Here is a question for all you ladies: Is she giving me the eye or is she just checking to see if creepy Nate is staring still? This could apply to any number of people (Strangely Appealing Girl at Work, Cute Artfag Babysitter I Cross the Guard for Sometimes, I mean you).

Missy's was good. Kansans are fat. There were a lot of fat Kansans wearing ugly purple sweatshirts. Like, I know we wear a lot of stupid orange here, but somehow our color comes off as less obnoxious than theirs. Uh, as far as what we did? Ran errands, shopped in cute little local stores (Too poor to buy anything), ate a lot, slept a lot. On Friday night, it was the usual bizarre situation with me as the only male in a group of like 10 girls, all of whom apparently do not like each other very much but are also too nice to actually try and stop being friends. This led to some rather amusing drunken conflict throughout the night. I tried to just stand back and watch, as Missy ran around, tumbling over and calling them bitches. Not that she was entirely in the wrong - we were basically dragged to some house for what should have even be jokingly referred to as a party: a lot of fat, ugly people sitting around and watching the first Batman movie on TV. We got yelled at for trying to have any sort of fun at all. As such, I was ordered by Missy to take what hygeine products I could from everyone's bathroom. Done and done. The second house was better, as at least there was music (although, if there wasn't, it might go a long way as to explain why that girl was so unnerved that I was screaming "Say It Ain't So" at here. And much Oasis) and foosball (Me vs. 2 Random Drunk Ho's - Yeah, boy!!!) and some vaguely friendly dog. Alcohol makes smelly dogs bearable to me. I'm not entirely sure who was made at whom, but I was glad Erica was not because she is fairly damn attractive, and should Missy ever decide to involve a third party, I would like her at the top of the nomination list. Hey - don't blame me; that's just the note I wrote for myself in the bathroom of somewhere.

Two movies we watched: Bringing Out the Dead, which has been at the top of my Nic Cage list for a while now. I think I mostly liked it - the soundtrack was strange, and I would like to edit the movie and string together all the sped up driving sequences, to be set to "No Live Has Singed Her" by Pavement, but I don't know if that counts as a review. The second in our theme night (Movies with "Dead" in the title starring Tom Sizemore) was Pauly Shore is Dead, written, directed by, and starring the very same. Pretty much, it was the story of how Pauly Shore's life was in the shitter since he has, you know, no talent, so he decides to fake death to regain popularity. It was pretty bad, I suppose, but in a different, admirable way as compared to Pauly Shore movies. He didn't really pull any punches at all, right down to the scene where he is so poor, all he has to jack off to is the back cover of a porno he once owned. Why was that my example? Also, he pretty much had a cameo by every major semi-celebrity ever, and that takes some sort of charisma or something.
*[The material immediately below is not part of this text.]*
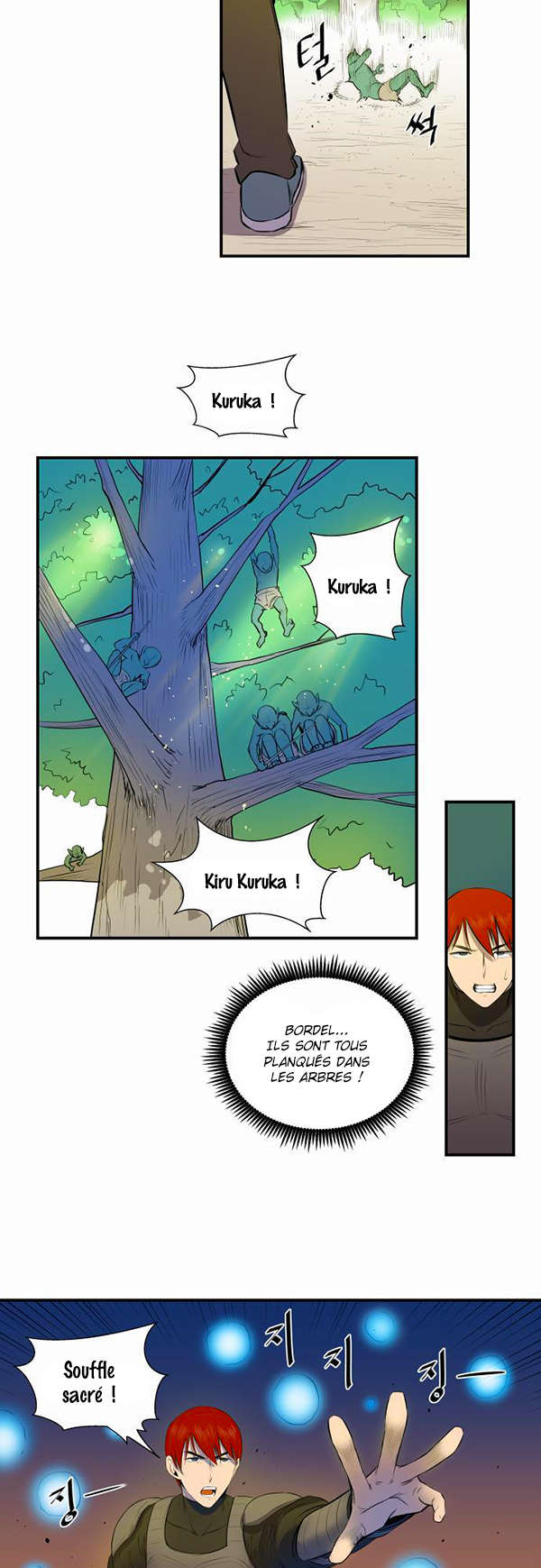 Read Life Howling vf Manga Online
Sean Penn, Chris Rock, Ellen DeGeneres, Pam Anderson, Britney Spears, Fred Durst, Vince Vaughn, all three Hansons, both Hiltons, Kato Kaelin, Adam Sandler, Montel, and dozens more besides. It made me laugh a lot, but that's hardly a rave review. Ditto Jesus Christ Vampire Hunter. I've sort of made it my personal mission to remake that movie. I don't why that movie, of all movies, needs to be redone, but it feel the compulsion, and who am I to question God's son?

Why it is bad to give your change to the homeless: Because when you want to buy an adult novelty from the machine in the gas station bathroom, you will not have enough quarters. None given, none taken.